● **TO DO**
Would you retype, word for word, only the lines from the one holding "オーストラリア人は4つをセラミックタイル導きます タイル (正面)" through the final line of the entries below, without the pictures?

● **DATA PROVIDED**
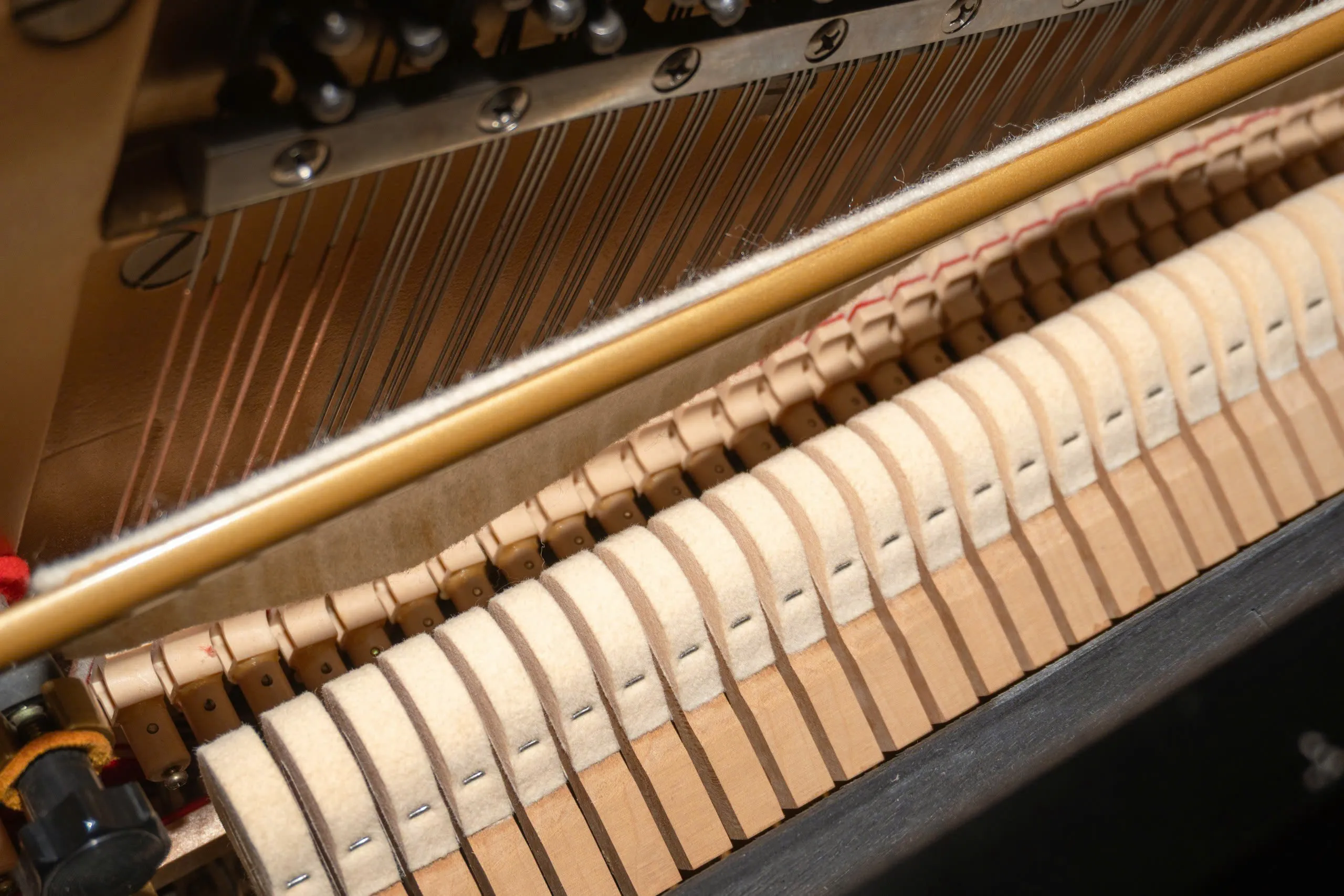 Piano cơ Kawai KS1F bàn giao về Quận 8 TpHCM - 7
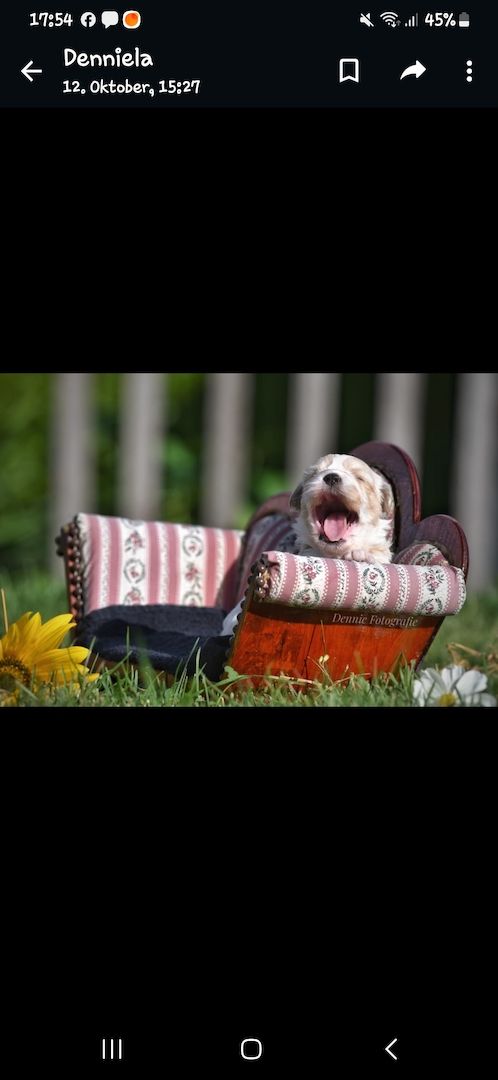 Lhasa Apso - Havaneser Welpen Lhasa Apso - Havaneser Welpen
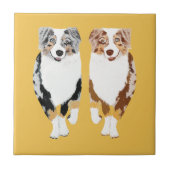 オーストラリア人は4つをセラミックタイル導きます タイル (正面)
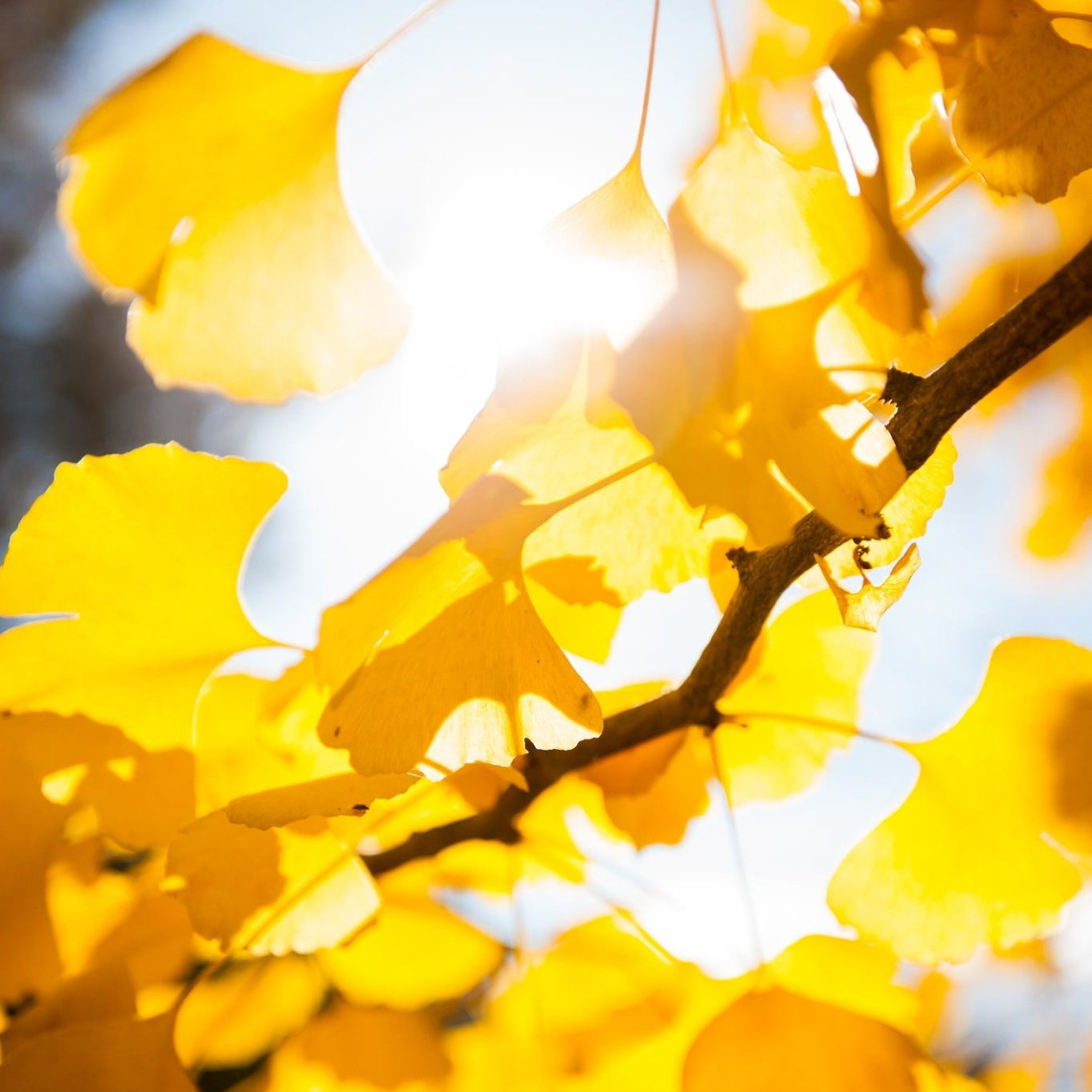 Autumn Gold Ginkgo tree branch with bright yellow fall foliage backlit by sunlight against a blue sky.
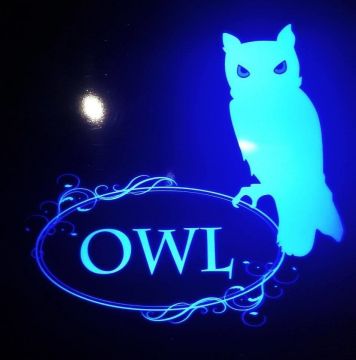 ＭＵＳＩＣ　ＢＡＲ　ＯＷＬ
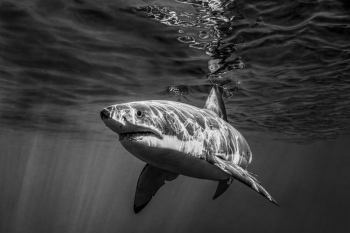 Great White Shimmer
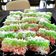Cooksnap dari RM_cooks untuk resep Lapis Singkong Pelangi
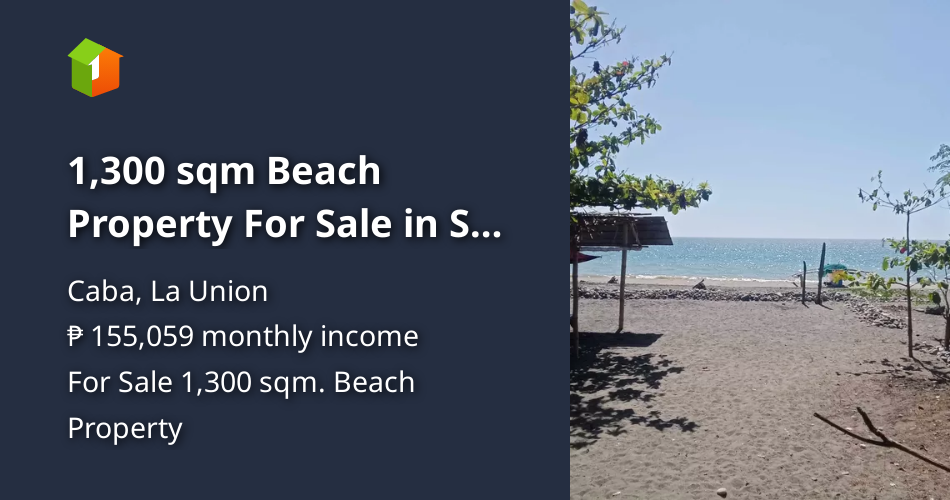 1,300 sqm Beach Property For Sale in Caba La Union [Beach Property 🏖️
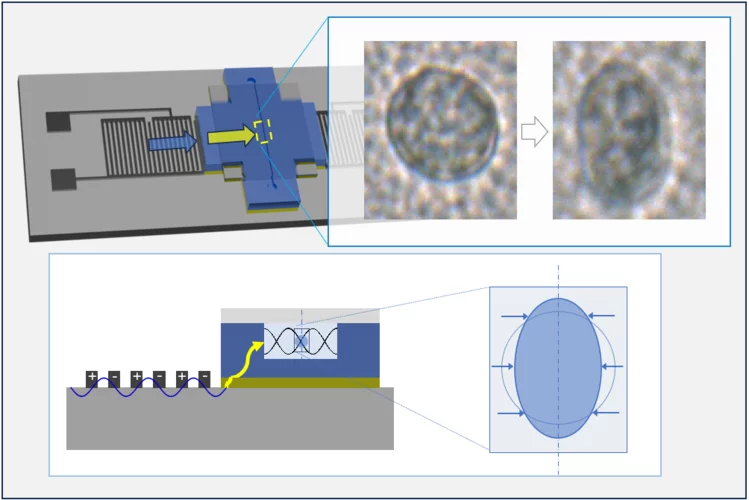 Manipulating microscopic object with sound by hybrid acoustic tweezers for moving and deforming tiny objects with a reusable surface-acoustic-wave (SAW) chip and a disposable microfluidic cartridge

● **REPLY TO THE TASK**
 オーストラリア人は4つをセラミックタイル導きます タイル (正面)
 Autumn Gold Ginkgo tree branch with bright yellow fall foliage backlit by sunlight against a blue sky.
 ＭＵＳＩＣ　ＢＡＲ　ＯＷＬ
 Great White Shimmer
Cooksnap dari RM_cooks untuk resep Lapis Singkong Pelangi
 1,300 sqm Beach Property For Sale in Caba La Union [Beach Property 🏖️
 Manipulating microscopic object with sound by hybrid acoustic tweezers for moving and deforming tiny objects with a reusable surface-acoustic-wave (SAW) chip and a disposable microfluidic cartridge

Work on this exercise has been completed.